In 1865, John married Isabelle Francis Barrett (born Francis Isabelle Barrett, but she didn’t want her initials to be F.I.B.). The wedding was in Elba, NY — but remember, he wasn’t welcome there; he was in Kansas. The preacher wrote him:

Last evening at the J.B. Barretts before a select Co of friends about 30 I had the pleasure of uniting yourself & Miss Isabelle in wedlock on your written pledge & Miss I’s personal pledge of love & fidelity…. Your dear wife will write you the particulars no doubt. It was a surprise to all the Co but the relatives. I write you more particularly to thank you for your photograph & the very liberal fee you sent me — $5 more than I ever received before, in some 140 marriages; $10 being the highest…. May your love be mutual and perpetual till death shall separate & you both have good reasons to rejoice that God in his good providence brought you together. Yours with esteem G.S. Corwin.

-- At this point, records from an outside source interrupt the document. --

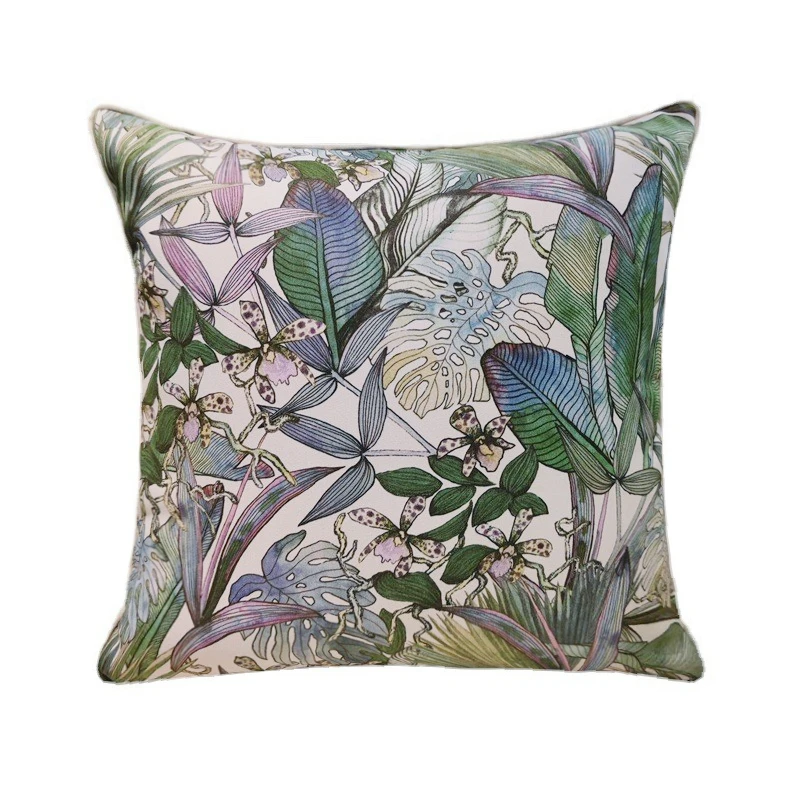 Contemporary Print Plant Rainforest Soft Chenille Grey Blue Cushion Sofa Chair Home Decorative Pillow Cover 18x18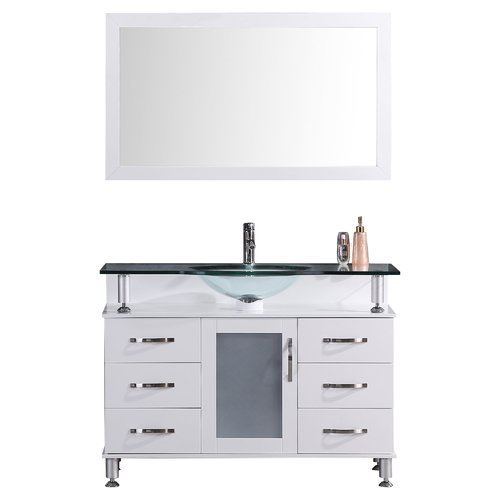 Lesscare 42 Single Glass Top Vanity Set With Mirror Walmart Com Walmart Com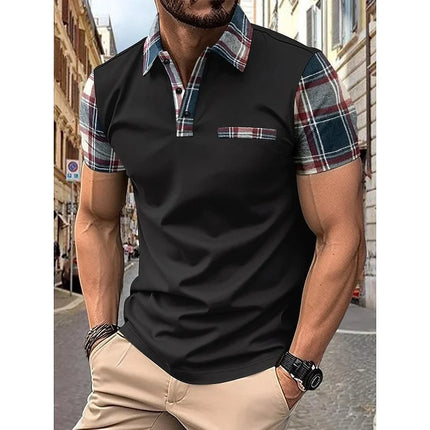 Business Men's Polo Shirt Casual Summer Short Sleeve Top Lines Pattern Printed Buttons Fashionable Golf Shirt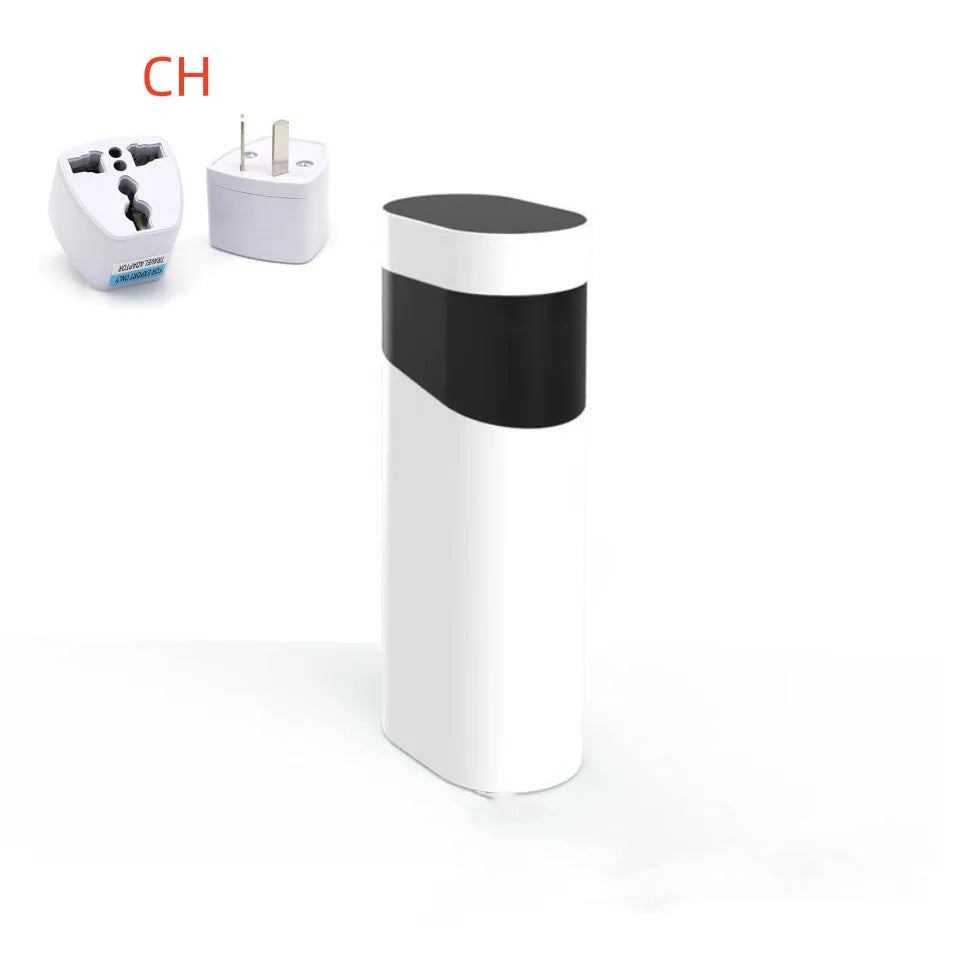 Small black or green desktop instant water dispenser with digital display.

Their lasting love is evidenced in two poems John wrote to Isabelle in their later years called “Spring Time” and “Love Time” (signed To my dear wife: from her loving “old man” J.H.P. and To Her I Love from Fond “Hubby”).

Their children followed in John’s medical footsteps: Two, including my grandmother, were doctors and one was a dentist. All ended up in Sandpoint, Idaho.

Bob Parsons
Littleton, Colo.
 
From the June 2006 issue of Family Tree Magazine.